TASK MATERIAL
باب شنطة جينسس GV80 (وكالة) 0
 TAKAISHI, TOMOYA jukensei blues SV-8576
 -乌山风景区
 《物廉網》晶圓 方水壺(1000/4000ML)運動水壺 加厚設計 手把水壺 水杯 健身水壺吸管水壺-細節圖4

...

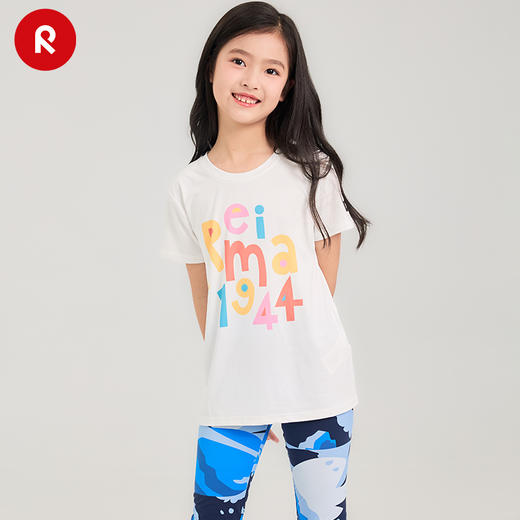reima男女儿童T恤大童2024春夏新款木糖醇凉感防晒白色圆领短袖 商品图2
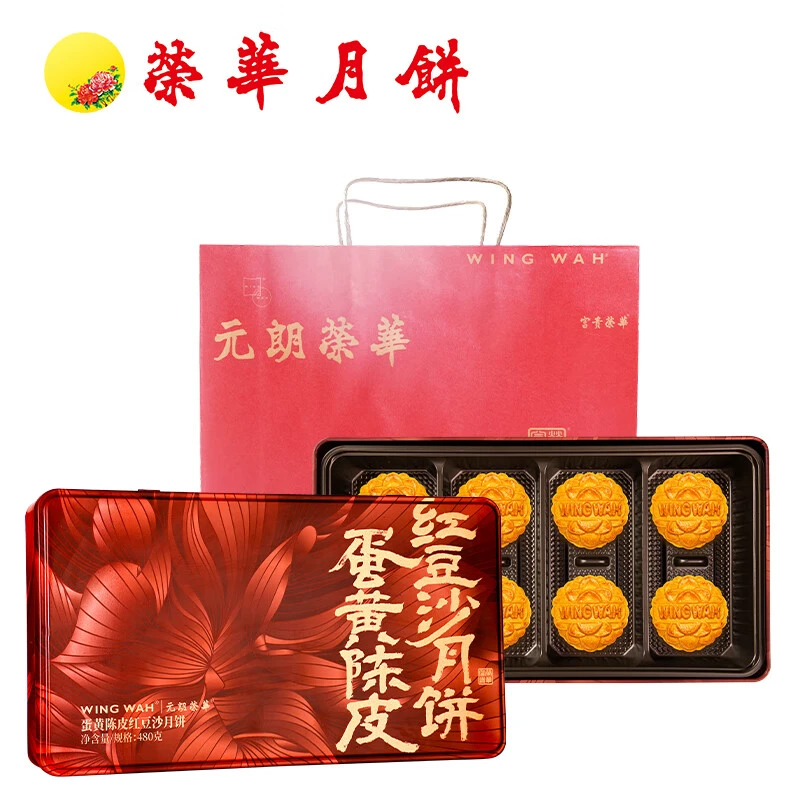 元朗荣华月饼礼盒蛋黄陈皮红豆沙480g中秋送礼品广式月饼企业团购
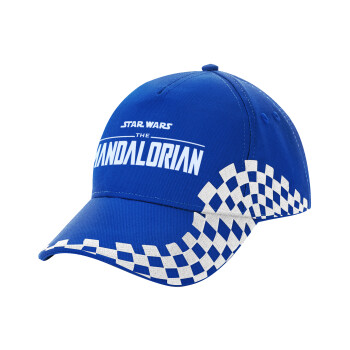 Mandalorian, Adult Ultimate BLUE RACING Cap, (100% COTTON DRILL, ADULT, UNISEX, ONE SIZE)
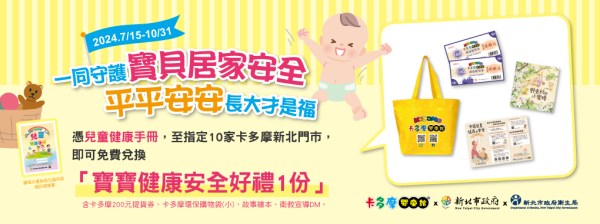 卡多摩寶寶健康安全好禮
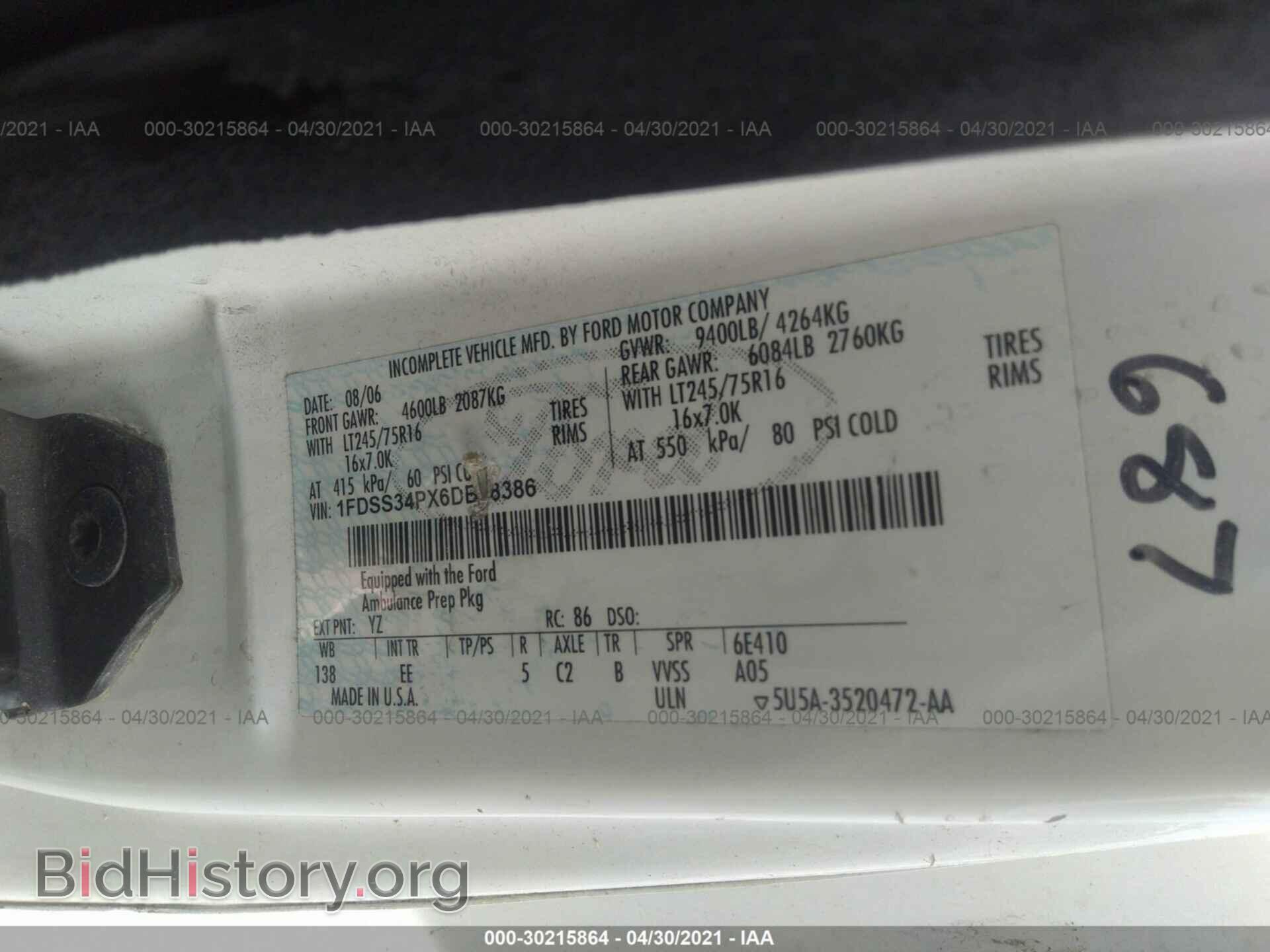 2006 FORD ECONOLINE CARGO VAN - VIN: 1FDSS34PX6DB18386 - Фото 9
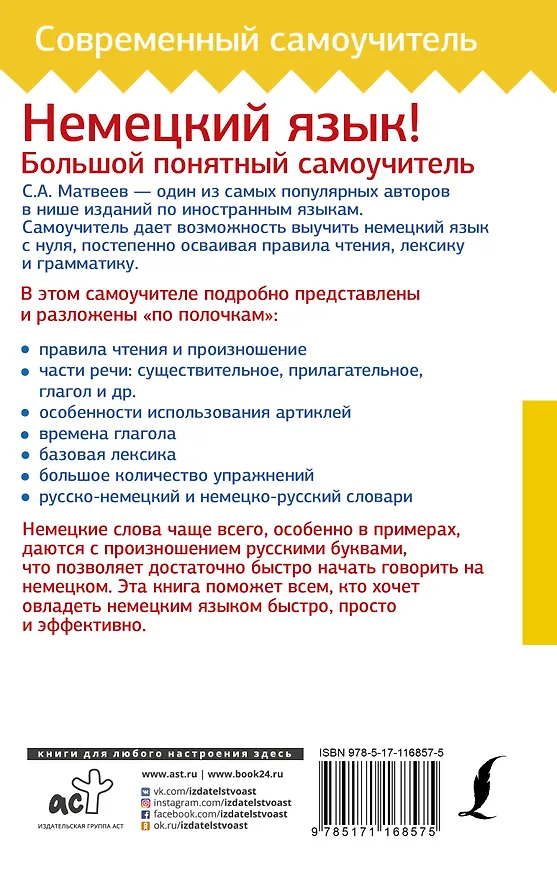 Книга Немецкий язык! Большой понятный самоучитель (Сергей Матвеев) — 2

YOUR OBJECTIVE
Copy only what lies between the line with "2006 FORD ECONOLINE" and the line with "Книга Немецкий язык!", those two lines included, exactly as given above; pictures stay out.

RESULT
 2006 FORD ECONOLINE CARGO VAN - VIN: 1FDSS34PX6DB18386 - Фото 9
 Книга Немецкий язык! Большой понятный самоучитель (Сергей Матвеев) — 2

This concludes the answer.